My proposal is to add a function tvm.relay.analysis.visualize() under the tvm.relay.analysis namespace. The function should accept a Relay Function object as the input and produce one of the following:

  • GraphViz Dot program (Dot is a language used in GraphViz)
  • JSON dump, to be ingested by other packages such as Netron. This way, Netron won’t require TVM itself to parse a Relay program.

If this sounds reasonable to the community, I will prepare a pull request.

@haichen @junrushao @yzhliu

14 Likes

Hey Phil, just saw your nice visualization last week. Love it :+1:

BTW, do you have any plan for supporting if-then-else?

@junrushao Yes, the PR will support if-then-else. The if-then-else node will need to take three child nodes: the condition, the true branch, and the false branch.

1 Like

+1. I take that back. +1000. Inspectability of the compilation process, including visualization of the IRs, is super important and this is a great step in that direction.

Graphviz is great because it is widely available, many people know it and it produces an image file that it is trivial to open on any machine from a link, though also Graphviz is not so great at very large graphs. One way to handle that is to have an option to display a radius around a node (as in slides below) or to have the option to use a different library as well in case of large graphs, e.g. TensorBoard. I don’t know if Netron is good for large graphs, maybe it is? No need for us to address any of that initially, having this is a great advance, though it would be good if the API is written in a way so that it is natural to add more things later.

(There are some style details that can be worked out later/over time, e.g. it would be nice if every op would say what shape/type it produces, rectangular nodes are more economical of space, multiple operands implies a need to distinguish incoming edges and color coding of ops can be useful for larger examples. Slide 13-15 might offer some inspiration: https://drive.google.com/file/d/1AfNoznbCIejQLErblXF7CV_Wk4cJypuC/view Though this is great as-is!)

4 Likes

Thanks Philip. This will increase productivity and debugging capabilities multi-fold.

Moving down the line, I think we might want to think how to represent multi-subgraphs (will happen in a fused graph and graph partitioning) and control flow constructs etc. For now, it might be ok to keep things simple.

@broune I appreciate your comments. The slides is certainly a good inspiration. I’ll keep fiddling with GraphViz to get better looking graphs.

to have the option to use a different library as well in case of large graphs, e.g. TensorBoard

Yes, I was also worried about using large graphs in GraphViz, so I put the JSON dump option. @haichen suggested Netron, and it is a JavaScript library. I’ll see how it handles a ResNet model.

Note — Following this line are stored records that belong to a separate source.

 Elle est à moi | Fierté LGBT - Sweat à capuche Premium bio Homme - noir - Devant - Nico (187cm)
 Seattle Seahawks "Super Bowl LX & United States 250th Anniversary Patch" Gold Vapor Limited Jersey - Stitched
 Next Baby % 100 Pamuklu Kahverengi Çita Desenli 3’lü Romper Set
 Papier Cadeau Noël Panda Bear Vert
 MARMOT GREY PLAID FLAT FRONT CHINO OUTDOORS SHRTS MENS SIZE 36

TensorBoard option will definitely be useful, since TensorBoard lets you collapse and expand parts of the graph interactively. The disadvantage is that TensorBoard uses Protobuf for serializing deep learning graphs, and Protobuf is rather a heavy dependency in my experience.

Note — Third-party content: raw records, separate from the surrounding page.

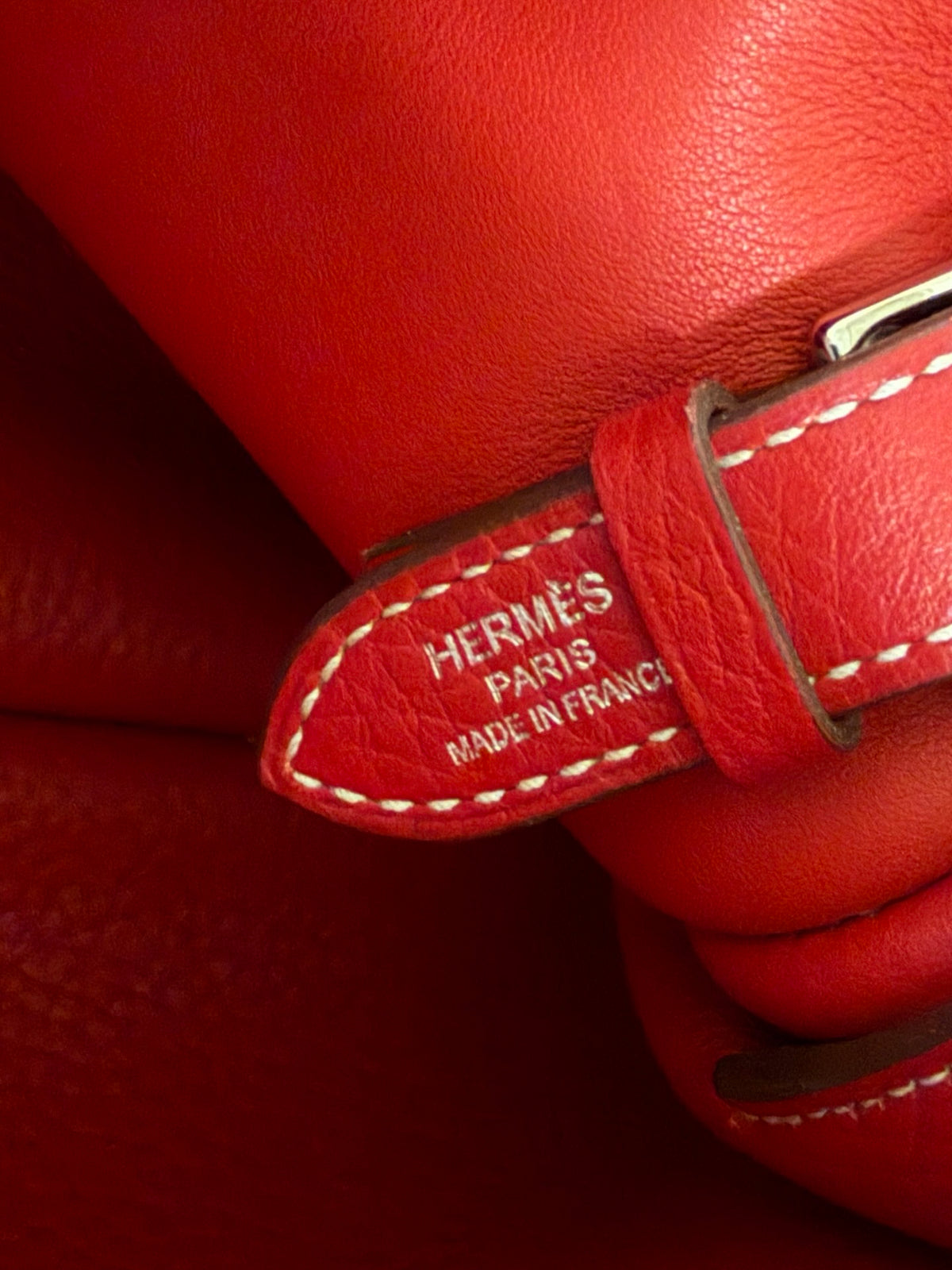 Hermès Halzan 31, Rouge Casaque Clemence with Palladium Hardware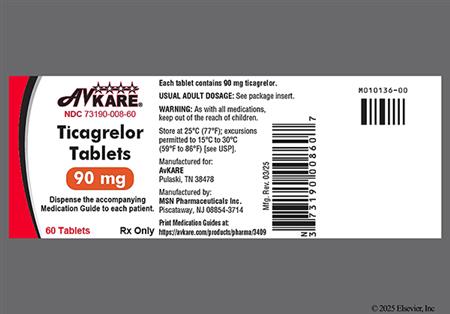 Ticagrelor 90mg Tablet package photo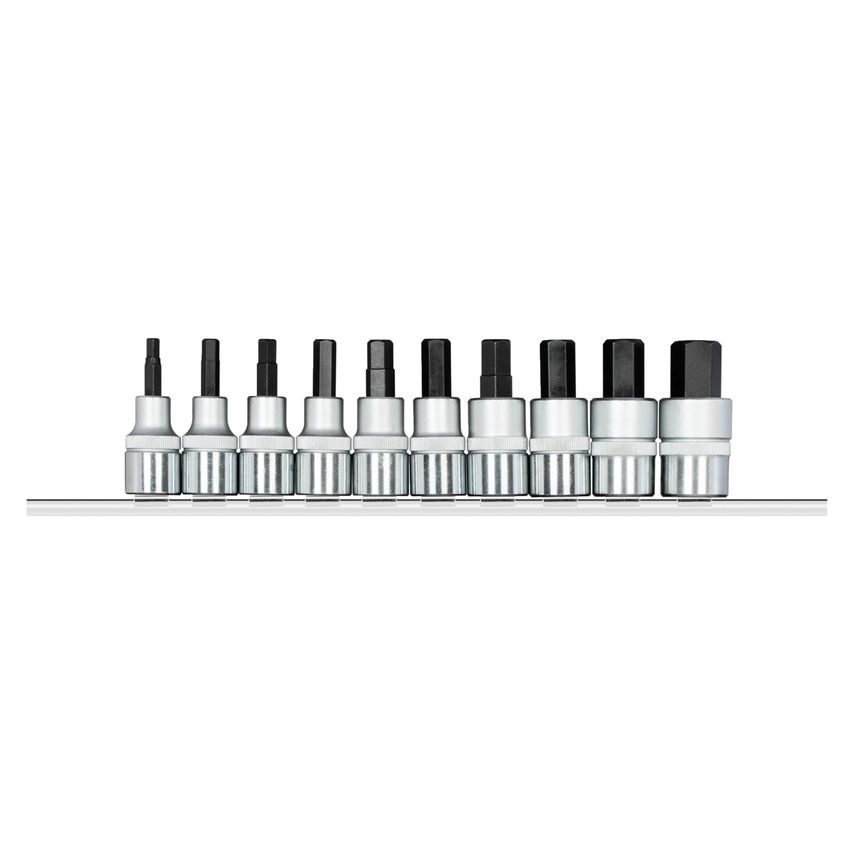 Screwdriver bit sockets 1/2 +rail 10pcs
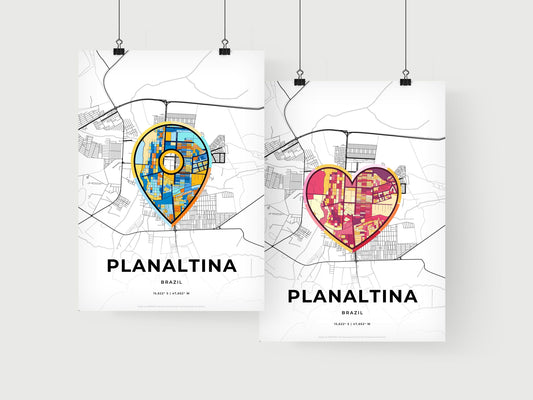 PLANALTINA BRAZIL minimal art map with a colorful icon. Where it all began, Couple map gift.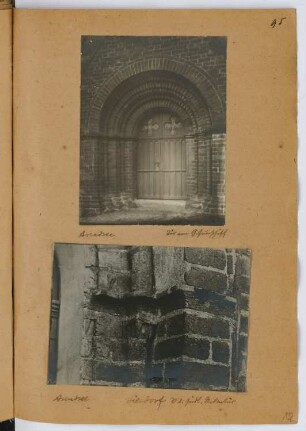 Klosterkirche, Arendsee / Kirche, Diesdorf: Ansicht Portal Arendsee, Detail Portal Diesdorf (aus: Skizzen- und Fotoalbum 29)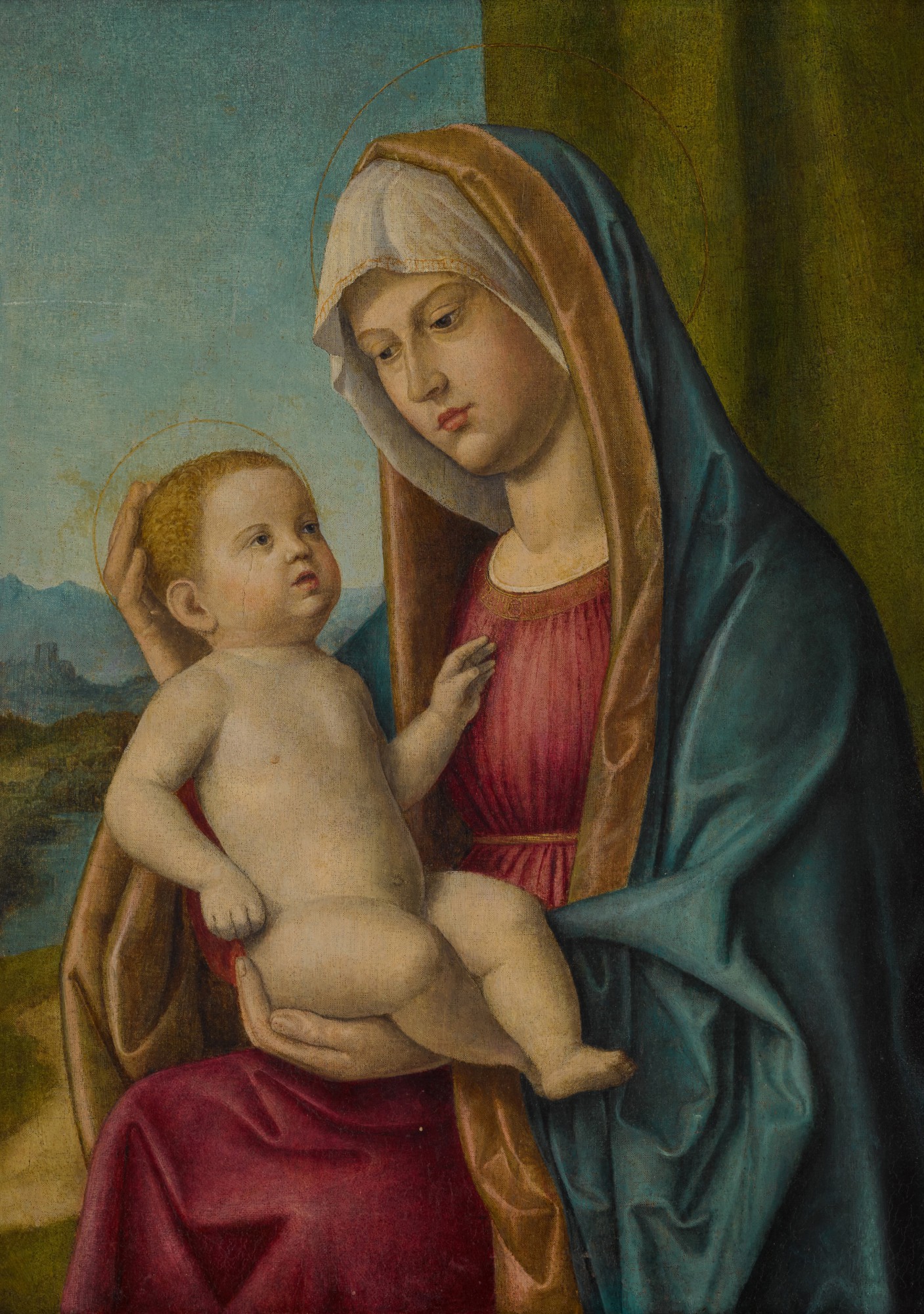 Circle of Giovanni Battista Cima da Conegliano — Madonna and Child before a green curtain and a landscape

We can certainly engineer the API so that dependencies like graphviz or protobuf is lazily imported upon calling tvm.relay.analysis.visualize()

Yes, it would be nice to be able to visualize the effect of each individual Relay pass, such as operator fusion. I have an occasion where I have to write a custom Relay pass, and this capability will ensure that I didn’t mess up.

Great proposal, I think it is important to separate the concerns of data representation and rendering:

  • Defining a structured specification of the visualization spec(e.g. JSON) that can be translated and ingested to other visualizers(Netron, GraphViz)
  • Document that structure specification
  • Work on exporter
  • Work on the visualization (or perhaps not depending on how powerful the viz grammar is)

It would also be great to get some feedbacks from data-viz community about what specific things could be in the spec.

This idea of separation of data and rendering follows the same philosophy in visualization packages like https://vega.github.io/vega-lite/ (except these are for tabular style data)

1 Like

@tqchen I like the idea of separating data representation and rendering. Let me draft a spec for data representation soon.

1 Like

Per @tqchen’s suggestion, we should have Relay produce a JSON-like data representation that can be ingested by multiple visualizers (GraphViz, Netron, TensorBoard). I’ll refer to this data representation RelayViz. In this document, we write RelayViz objects as JSON objects.

Specification for RelayViz data representation

Root object layout

{
  "format": "relayviz",
  "version": [1, 0],
  "nodes": [ <list of nodes> ]
}

General principles

  • Many nodes in Relay (Call, TupleGetItem, Function etc) have references to other nodes. Such references should be encoded as an integer ID. The integer ID locates the referenced node in the “nodes” field of the root object. For example, a Function node has a body attribute that refers to another Relay node. So the Function node should store the node ID of the function body.
  • All attributes of Relay nodes that are not node references should be encoded as an attribute.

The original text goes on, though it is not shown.